Rechters houden nadrukkelijk rekening met de LOVS-oriëntatiepunten. Deze binden weliswaar de rechter niet, omdat het niet gaat om recht in de zin van art. 79 RO, maar ze zijn wel het uitgangspunt voor de rechter. Indien er geen bijzondere omstandigheden zijn, is de kans groot dat de rechter conform de LOVS-afspraken zal vonnissen.
De LOVS-oriëntatiepunten zijn niet aangepast aan de wijziging van de Wegenverkeerswet 1994 per 1 juni 2011. Twee voorbeelden. Van een beginnend bestuurder, die een ademalcoholgehalte (AAG) van 520 mg/l heeft geblazen, moet het rijbewijs worden ingevorderd door de politie en mag nadien door de officier het rijbewijs worden ingehouden, terwijl volgens de LOVS-afspraken door de rechter te zijner tijd in beginsel slechts een voorwaardelijke rijontzegging wordt opgelegd. Een (ervaren) bestuurder die 610 mg/l heeft geblazen, loopt tegen een inhouding door de officier van justitie op, terwijl de rechter later een voorwaardelijke rijontzegging zal opleggen.
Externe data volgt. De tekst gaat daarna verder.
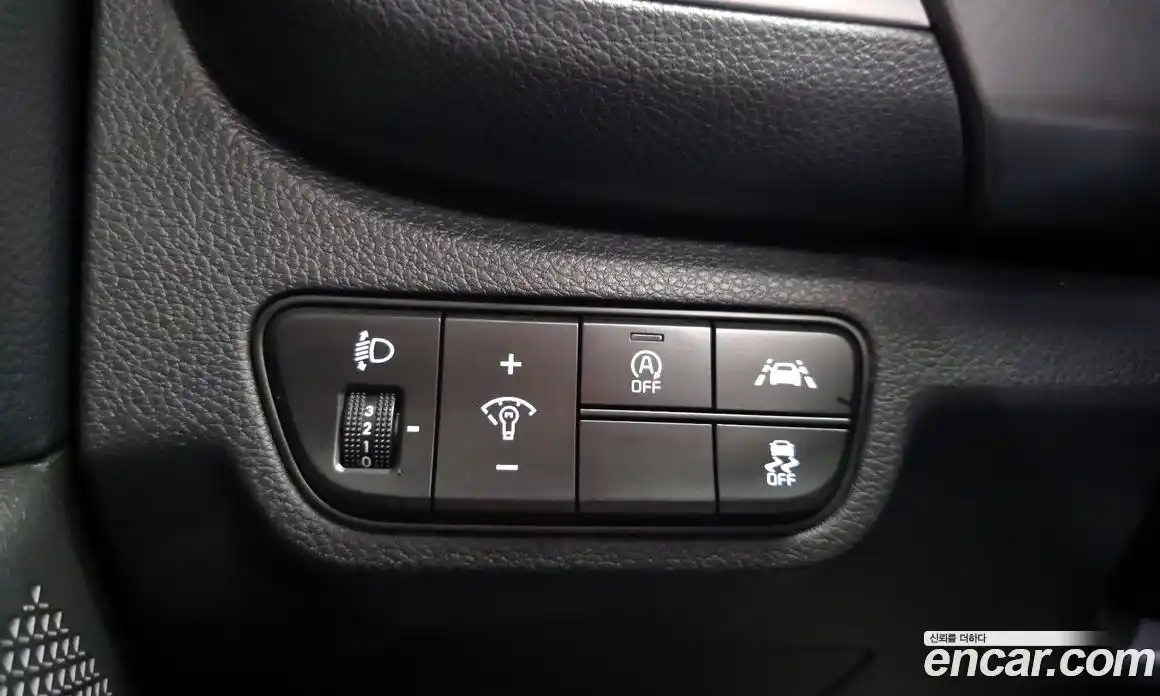 Kia Seltos 2020 1.6 Автомат в Москве № 158197, фото 13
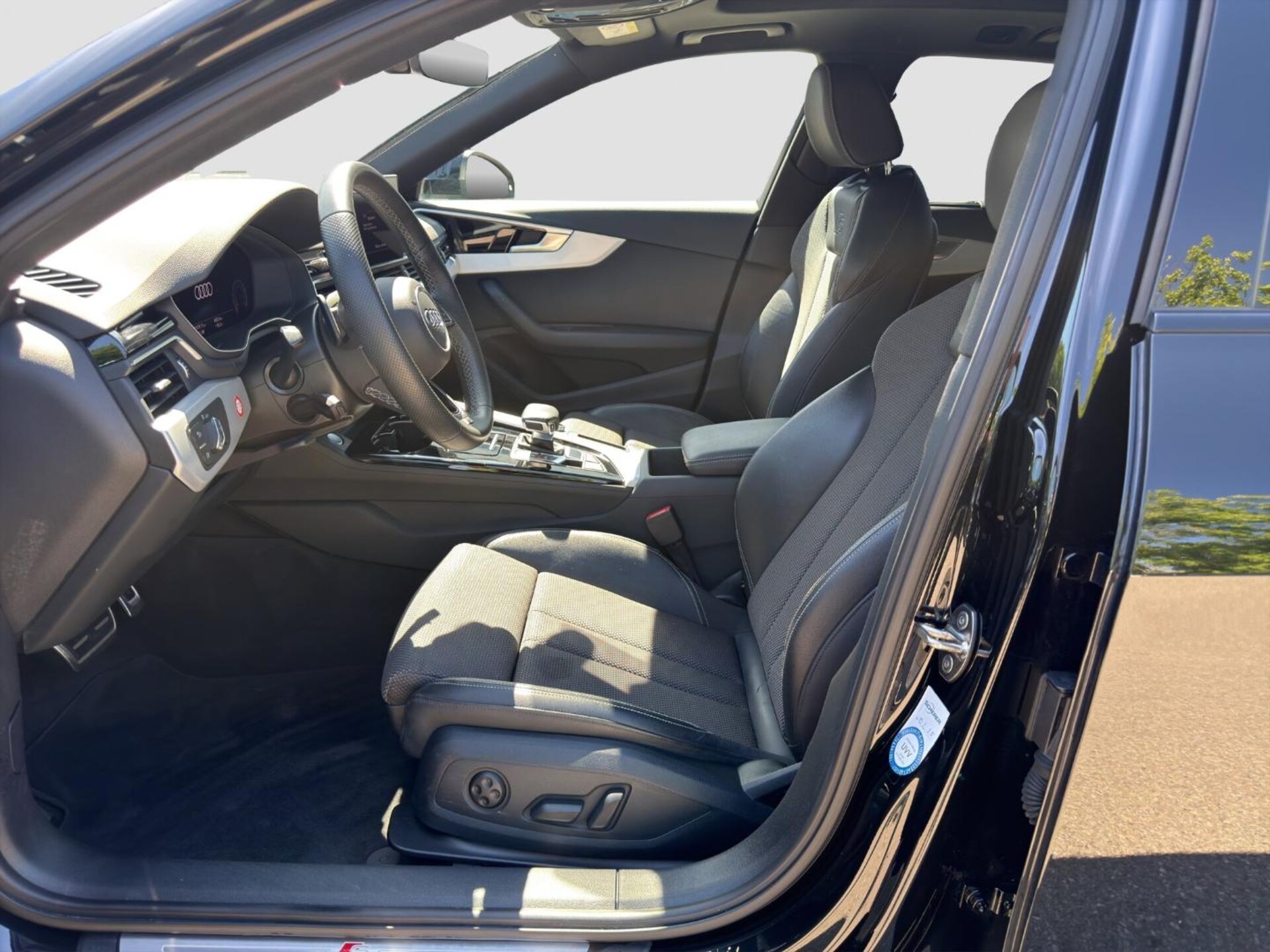 Audi A4 Avant S line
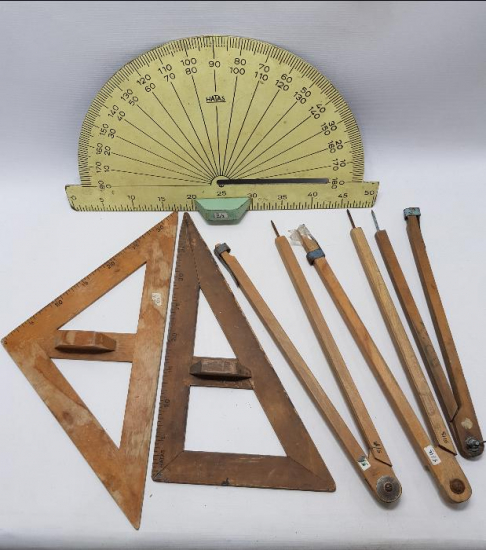 EĞİTİM TARİHİ: ESKİ OKUL GEREÇLERİ. İLETKİ, GÖNYE PERGEL TAKIMI 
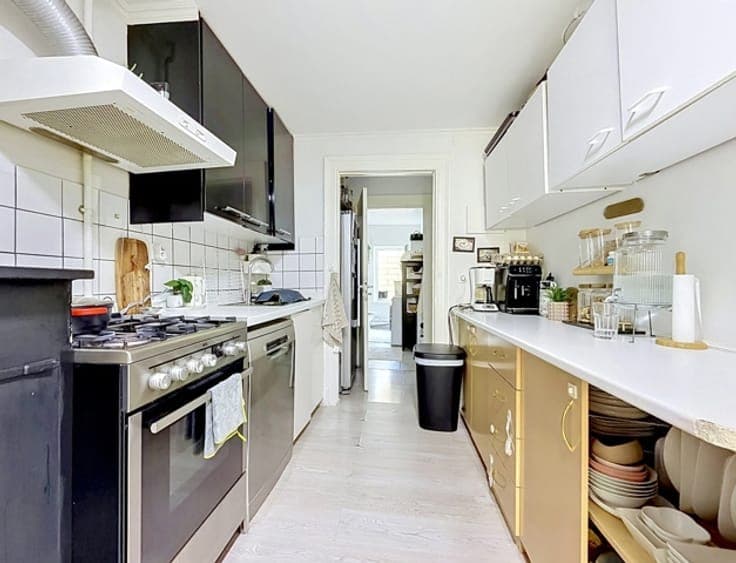Investment property with 4 units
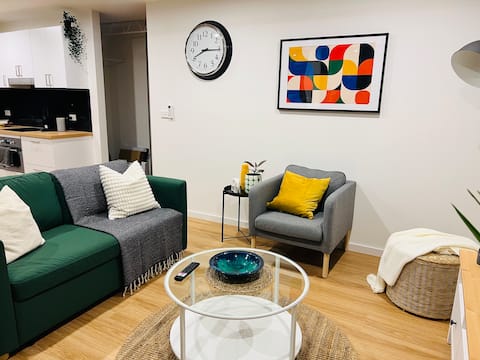 Successful Airbnb property: BRAND NEW modern Scandi apartment in inner north in Canberra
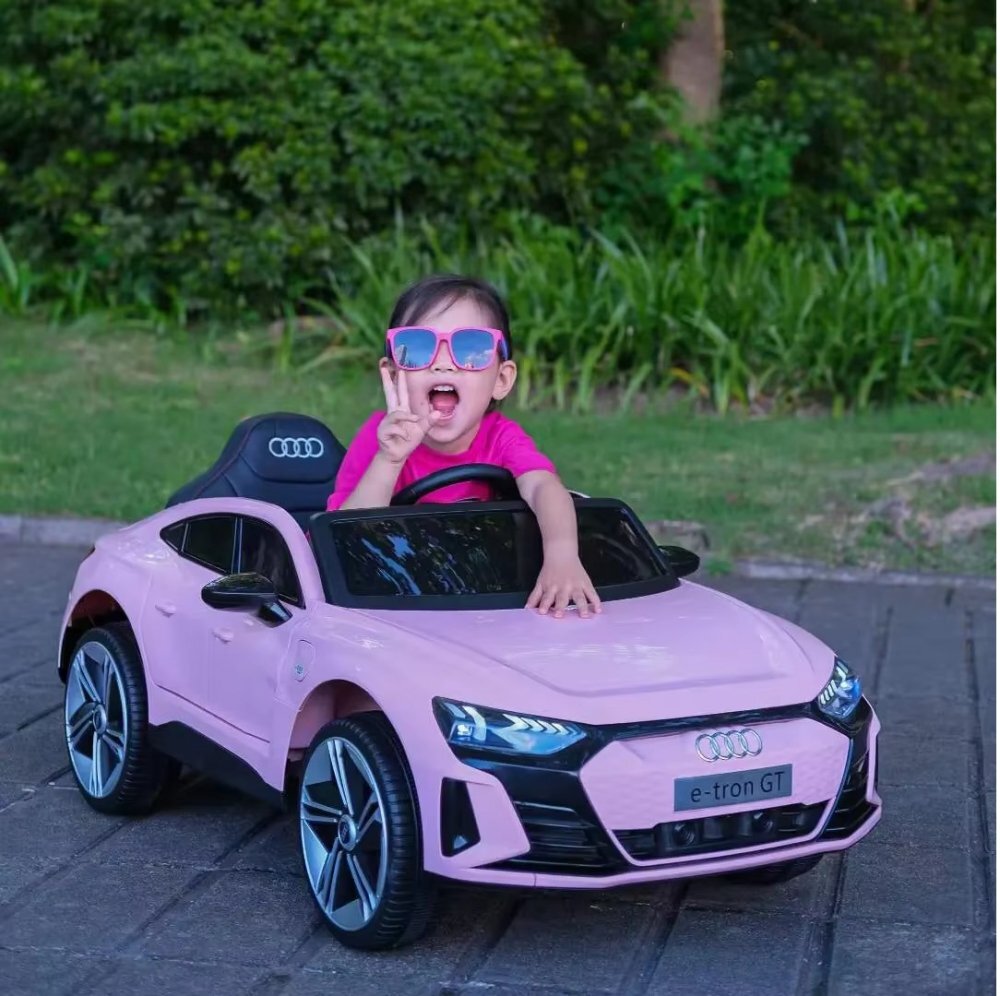 Audi Masinuta electrica pentru copii e-Tron GT Pink cu licentaradiocomanda 2.4Groti EVAdoua motoareacumulator 12Vfaruri si stopuri LEDacumulator 12V45Ahdoua motoareoglinzi retrovizoareunitate o cu muzica
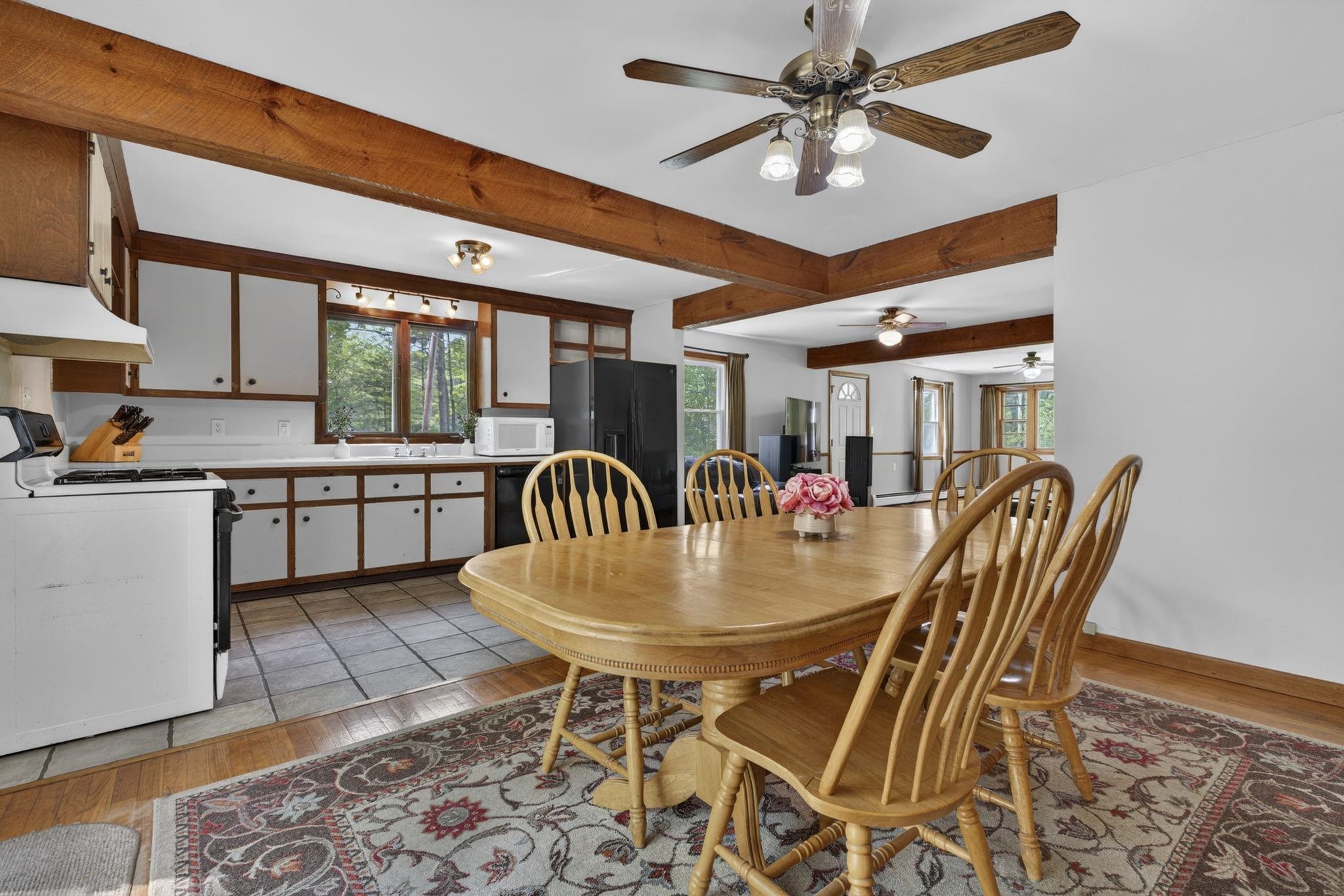 112 Main St, Candia, NH 03034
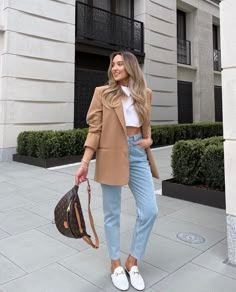 Ab Outfits, Loafer Outfits, Gucci Tee, Outfit Elegantes, Total Girl, Smart Casual Wardrobe, Blazer Outfits Casual, Blazer Jeans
Deze op zichzelf onwenselijke situatie kan vooralsnog in het voordeel van de verdachte uitpakken. Art. 164 lid 6 WVW 1994 bepaalt namelijk dat het rijbewijs moet worden teruggegeven ‘indien ernstig rekening moet worden gehouden met de mogelijkheid dat (…) geen onvoorwaardelijke ontzegging van de bevoegdheid tot het besturen van motorrijtuigen zal worden opgelegd (…). Juist in die gevallen waarin de LOVS-oriëntatiepunten uitgaan van een voorwaardelijke rijontzegging, zal een klaagschrift tegen de inhouding van het rijbewijs voor de verdachte succesvol blijken te zijn (vgl. Rb. Leeuwarden 26-10-2011, parketnr. 96/209971-11; ongepubl.).
Flinke kansen dus voor de verdediging, zolang het LOVS de uitgangspunten voor de strafmaat nog niet heeft verzwaard.